Regulations must evolve with the asset management industry, with more focus on stress-testing and enhanced data reporting, according to Mary Jo White, chair of the US Securities Exchange Commission (SEC).

Speaking at the New York Times DealBook Opportunities for Tomorrow conference at the new World Trade Centre in New York, White cited the fast growth and evolution of the American asset management industry.

She said: “We are now embarking on a new period of regulatory change, driven by long-term trends in the industry and the lessons of the financial crisis.”

The SEC is developing recommendations to modernise the data reporting process and enhance reporting for both finds and advisors, and to monitor industry developments and any compliance issues.

White said the current data reporting requirements have not kept up with the pace of change in the industry, and should be expanded and updated.

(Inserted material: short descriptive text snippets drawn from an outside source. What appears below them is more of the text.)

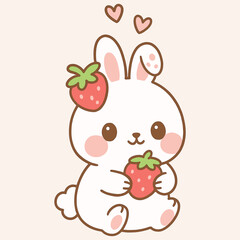 Adorable Bunny Holding Strawberries Vector – Cute Rabbit Fruit Cartoon Clipart for Kids
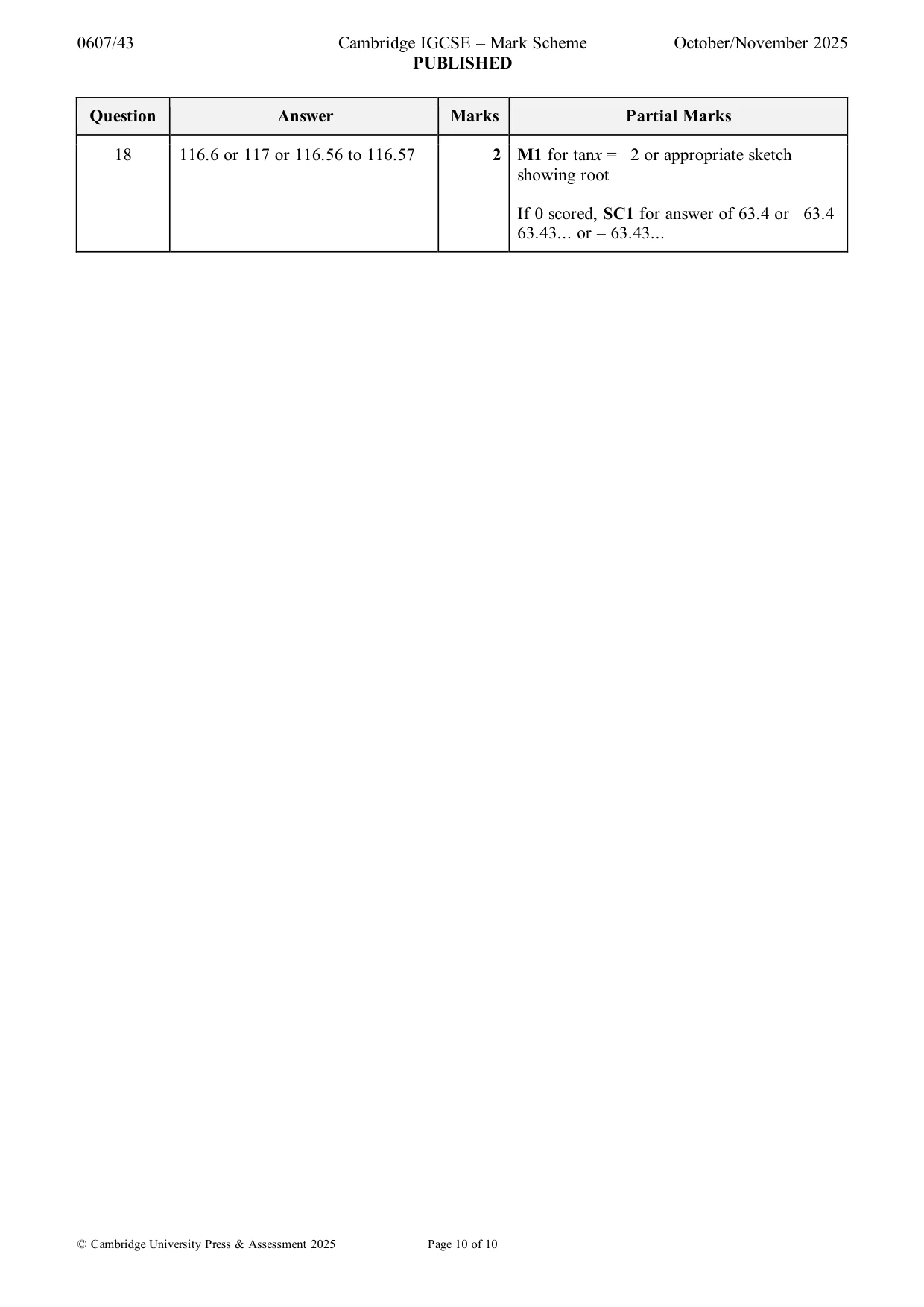 Mark scheme, page 10 of 10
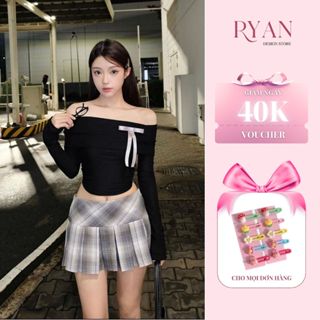 Set váy áo thun nơ trễ vai dài tay và chân váy caro - có tách set (H2) - Ryan Design Store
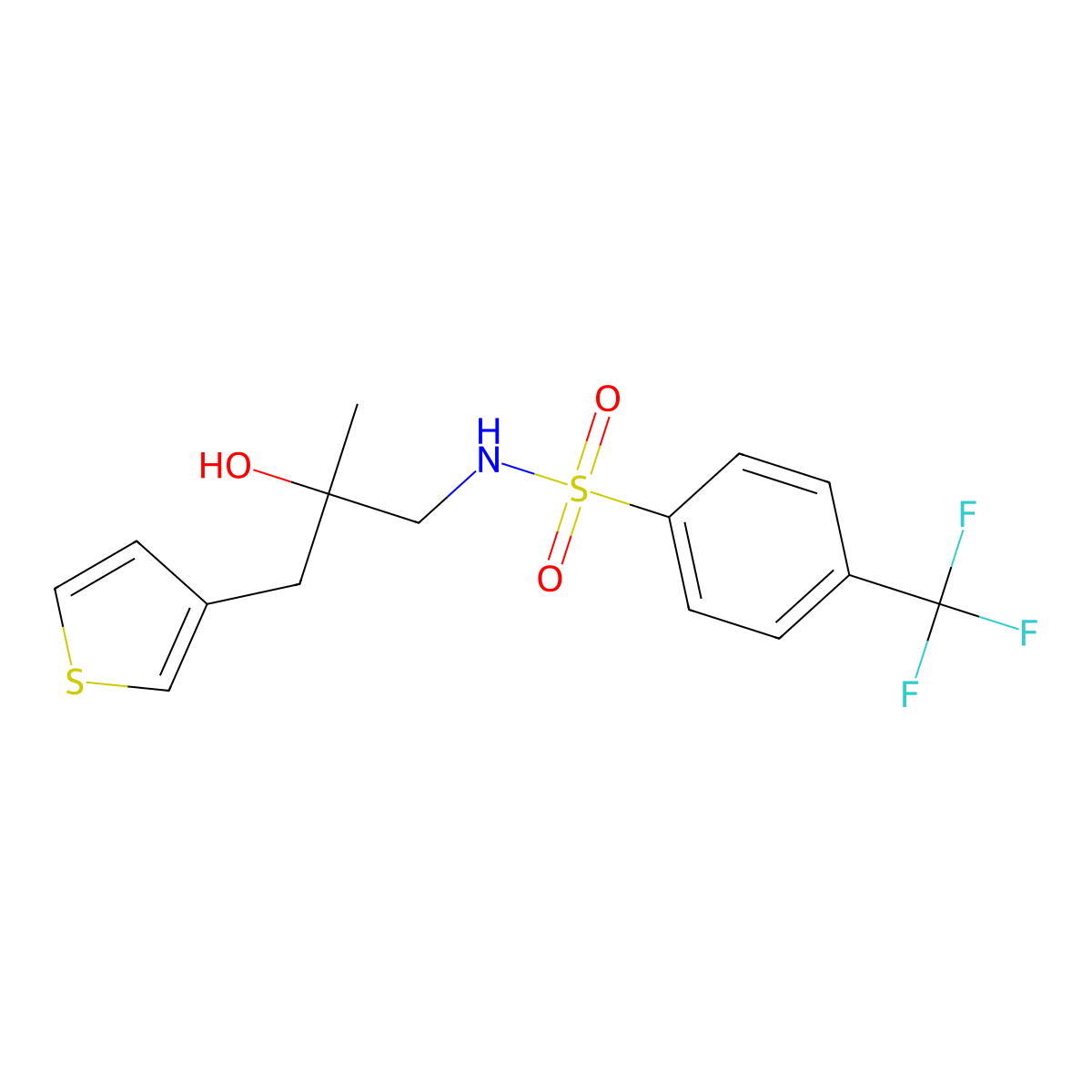 N-{2-hydroxy-2-[(thiophen-3-yl)methyl]propyl}-4-(trifluoromethyl)benzene-1-sulfonamide molecular structure, CAS 2097884-70-1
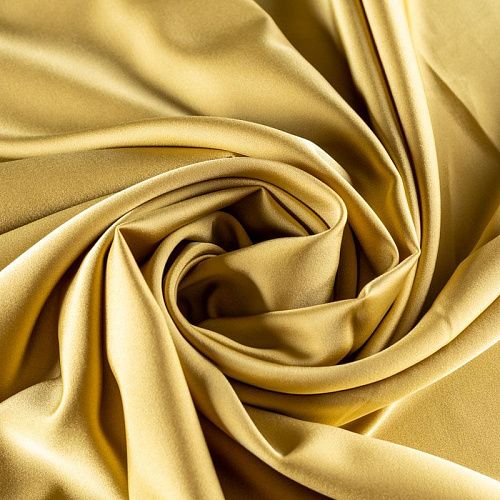 Шелк синтетический стрейч К30-632 горчичный однотонный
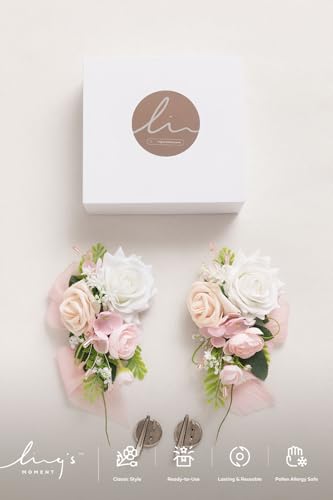 Ling's moment 2pcs Prom Wrist/Shoulder Corsage Artificial Flower, Girl/Mother Homecoming/Wedding Corsage Wristlet Décor, etc. Blush Cream - color: Pk-blush & Cream
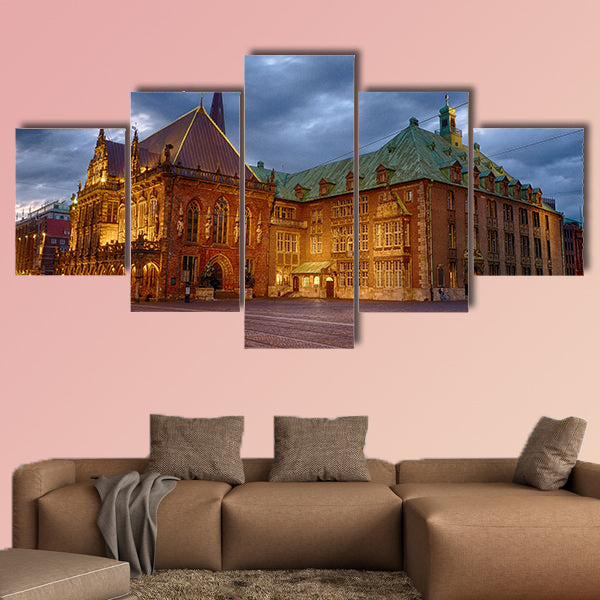 The historical city hall of Bremen in Germany multi panel canvas wall art
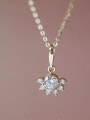 thumb 925 Sterling Silver Rhinestone Gold Flower Dainty Necklace 2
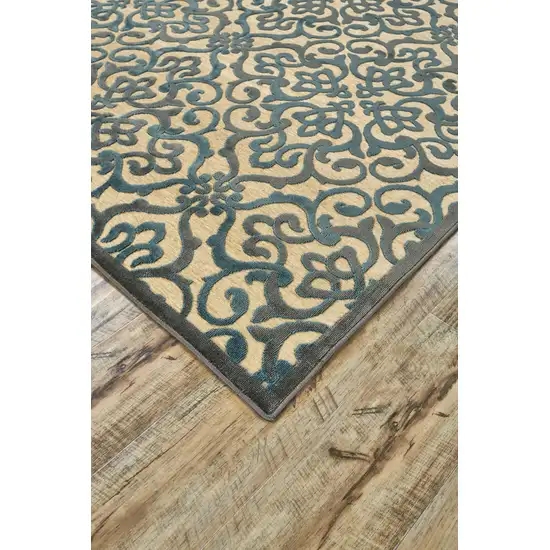 Tan Blue and Taupe Floral Power Loom Area Rug Photo 4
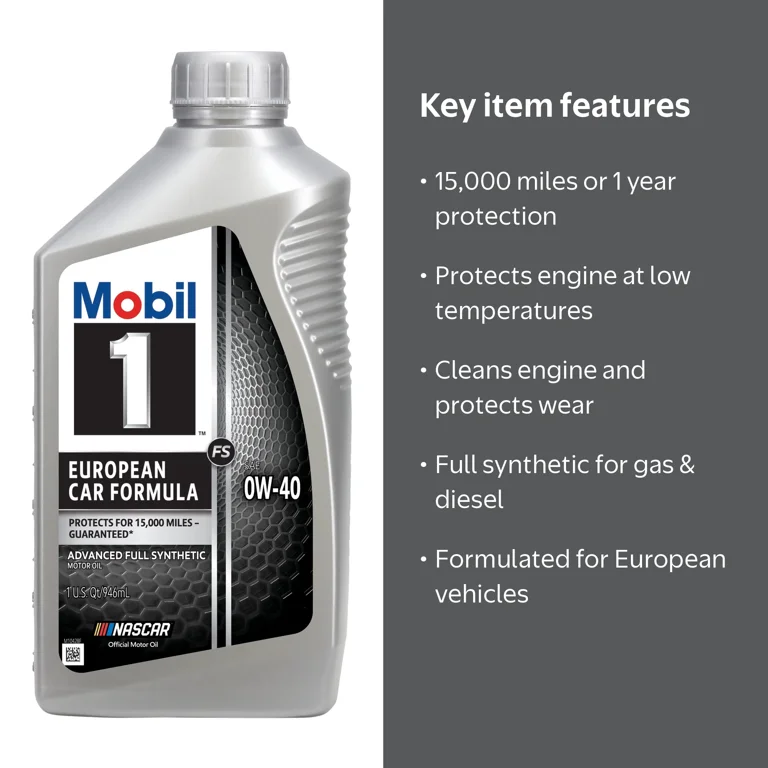 Mobil 1 FS European Car Formula Full Synthetic Motor Oil 0W-40, 1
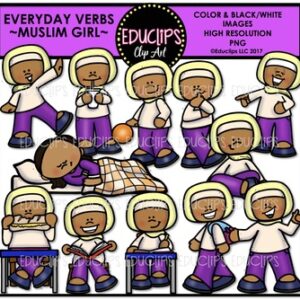 Everyday Verbs Muslim Girl Clip Art Bundle {Educlips Clipart}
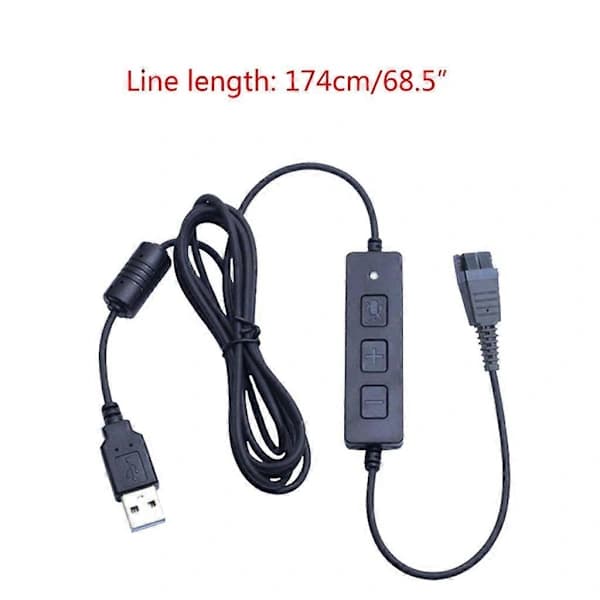Headset Hurtigkobling QD-kabel til USB-stikadapter Call Center Kontor [] A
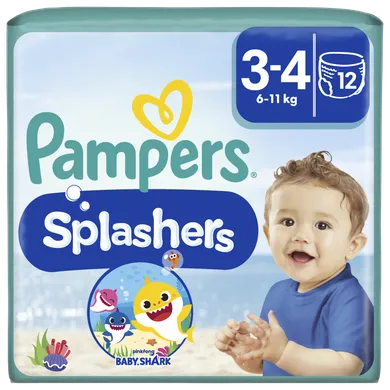 Pampers, Splashers, pieluchy jednorazowe do pływania, rozmiar 3-4, 6-11 kg, 12 szt.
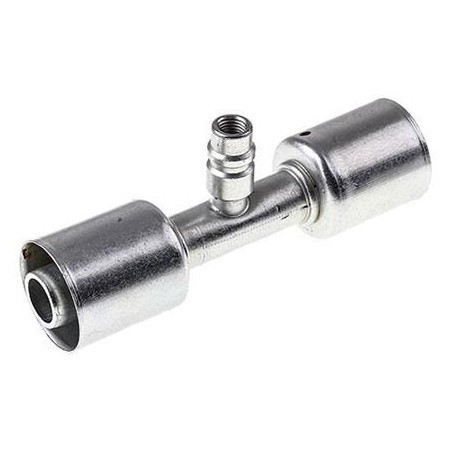 AIR CONDITIONING STEEL FITTING  12 SPLICER BEADLOCK 12 STRAIGHT WITH R134a PORT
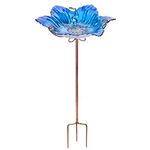 MUMTOP Bird Baths for Outdoors Glass Bird Bath Bowl Outdoor Bird Feeder Flower Pattern with Metal Stake for Garden, Yard and Lawn Decor(Blue)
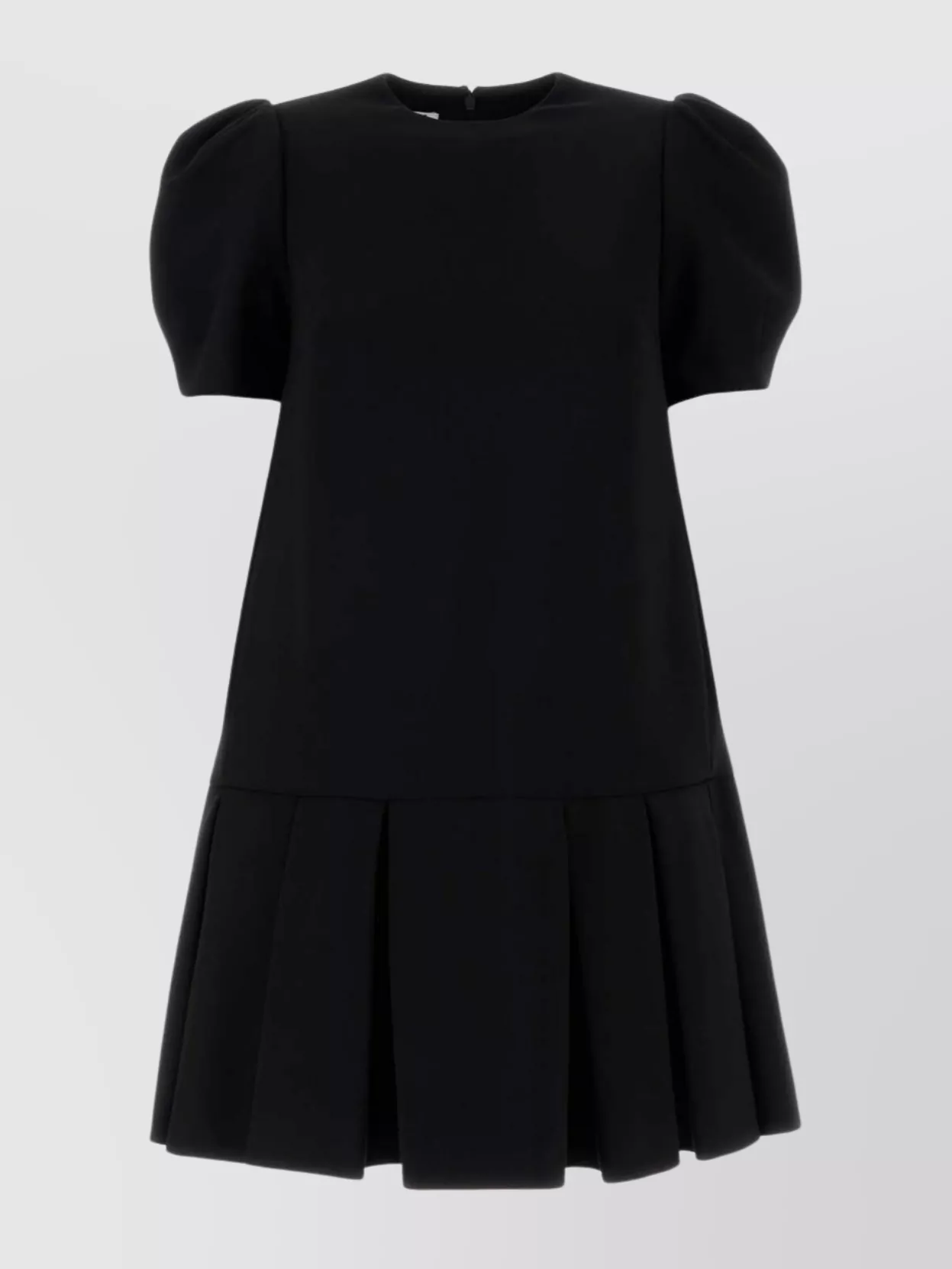 Moschino Twill Dress With Pleated Skirt And Puff Sleeves In Black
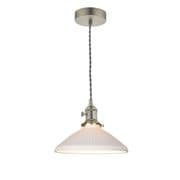 Hadano Antique Chrome Pendant with a Shallow Ceramic Shade - där HAD0161-10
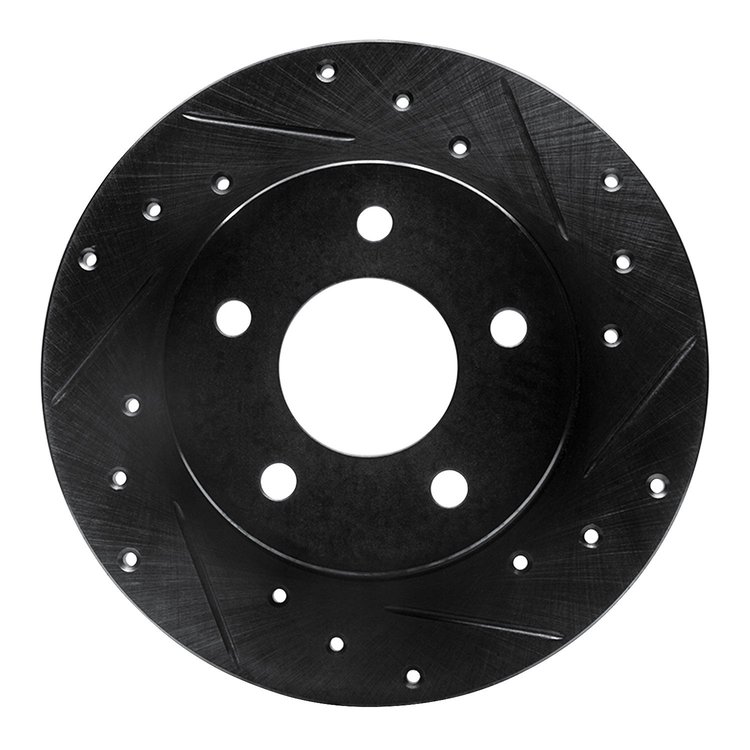 633-40008R Drilled/Slotted Brake Rotor [Black], 1988-1992 Mopar, Position: Rear Right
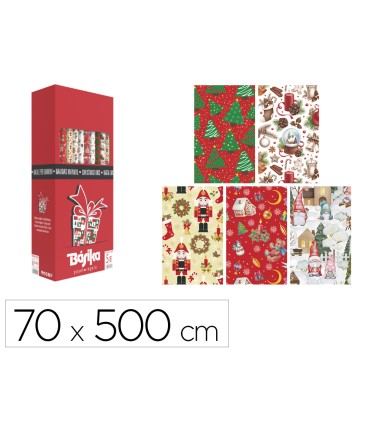 Papel de regalo basika navidad rollo ancho 70 cm longitud 5 m disenos surtidos gramaje 50 gr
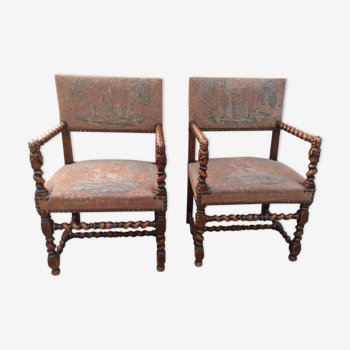 Pair of Louis XIII style armchairs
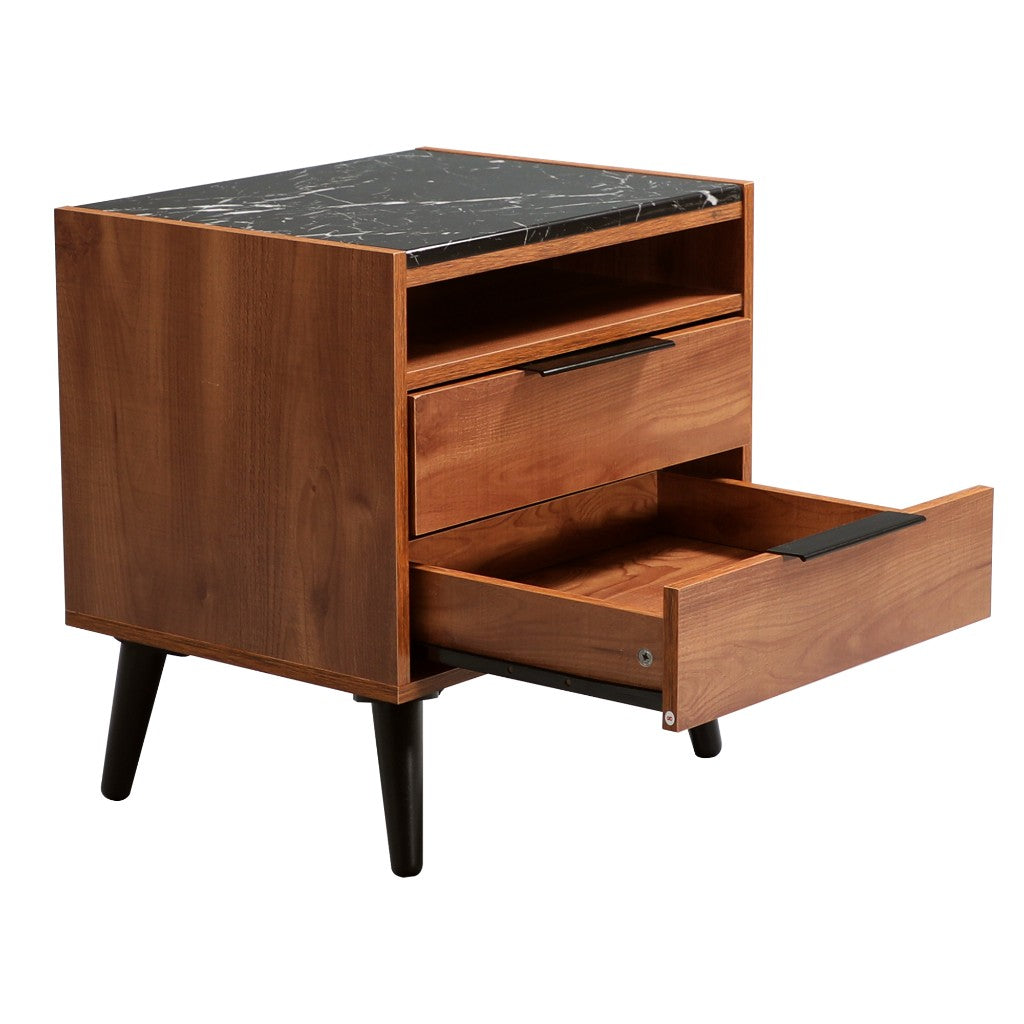 Nook 2 Drawer Bedside Table - Oak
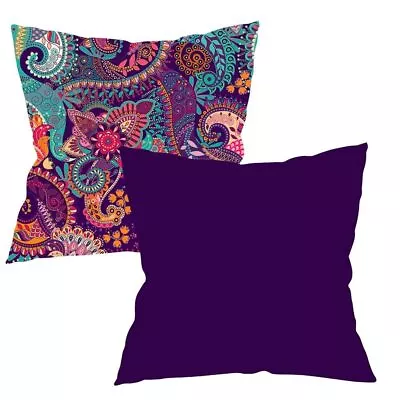 Set Of 2 Purple Pillow Covers Bohemian Home Decor Pillow Covers Paisley Col... • $20.62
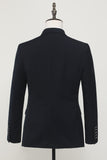 Traje de doble pecho de 2 piezas de la Marina para hombre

She pointed out that the SEC cannot properly identify and address risks if they cannot monitor them, and suggested that even the most basic reporting should be updated.

The data collected could then be used for the SEC to examine priorities and assess possible risks to the industry.

The SEC is also considering mandatory stress-testing and recommending that firms introduce comprehensive transition planning in the case of major disruption in a business.

Clients’ assets do not belong to the advisor, and historically, advisors have been able to leave the market with minimal impact. White said, however: “If we have learned nothing else from the financial crisis, it is that we must test and plan for the worst.”

According to White, the introduction of clear transaction plans would benefit the investors and the market as a whole, and she suggested that mandatory stress-testing would help all market players to better understand the impact of stress events.

Under the Dodd-Frank Act, annual stress tests have been mandated for large funds and investment advisors, and the SEC is considering how to tailor these requirements to meet the asset management market.

White insisted that the aim was not to remove all risk from the market, saying: “Just as our regulatory program evolves, so too must our understanding of the balance that program strikes between reducing undue risks and preserving the principle of 'reward for risk' that is at the centre of our capital markets.”

In her speech, she also talked about enhancing the controls on risk of portfolio composition, considering ways to increase transparency around liquidity risks and the implementation of broad risk management programmes.

She said: “While the SEC’s regulation of asset management is strong and comprehensive, the source of that strength has been our willingness to take stock of our rules with a clear vision and implement the necessary changes to make effective regulation that fits current market realities.”